#### Task directions
From the listing below, reproduce word for word the part that opens with the line containing "コンパクト天竺　ピグメント加工　プルオーバー" and closes with the line containing "Cortador favo de mel (com embossing) - BC507"; reproduce nothing else.

#### Extracted entries
□ □ □

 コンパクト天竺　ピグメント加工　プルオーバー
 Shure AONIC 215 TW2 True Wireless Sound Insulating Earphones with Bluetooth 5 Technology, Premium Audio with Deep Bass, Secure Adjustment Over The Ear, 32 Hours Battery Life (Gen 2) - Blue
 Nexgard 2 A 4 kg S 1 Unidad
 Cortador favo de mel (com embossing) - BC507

□ □ □

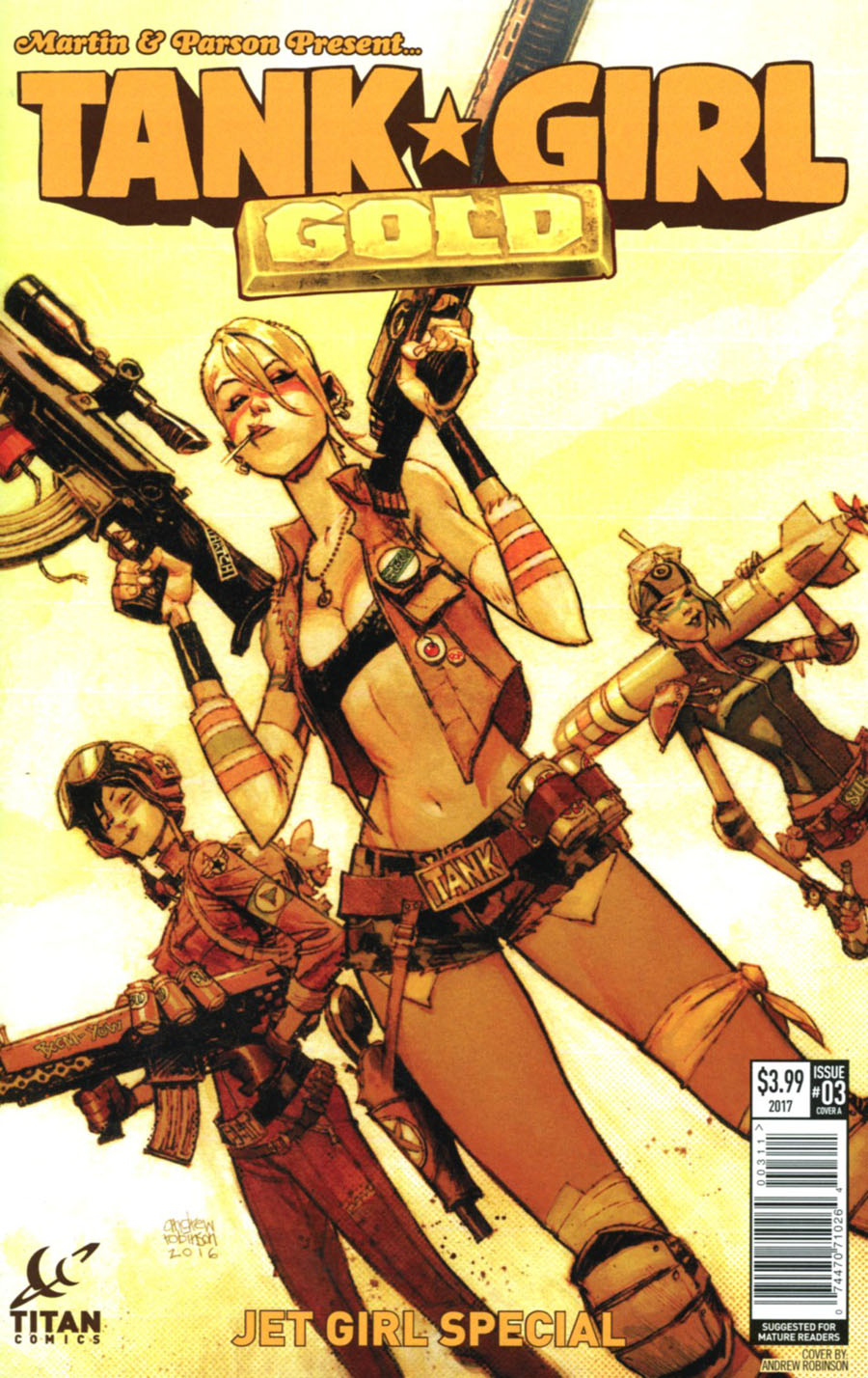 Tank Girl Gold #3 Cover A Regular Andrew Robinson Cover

□ □ □

#### Result of the exercise
 コンパクト天竺　ピグメント加工　プルオーバー
 Shure AONIC 215 TW2 True Wireless Sound Insulating Earphones with Bluetooth 5 Technology, Premium Audio with Deep Bass, Secure Adjustment Over The Ear, 32 Hours Battery Life (Gen 2) - Blue
 Nexgard 2 A 4 kg S 1 Unidad
 Cortador favo de mel (com embossing) - BC507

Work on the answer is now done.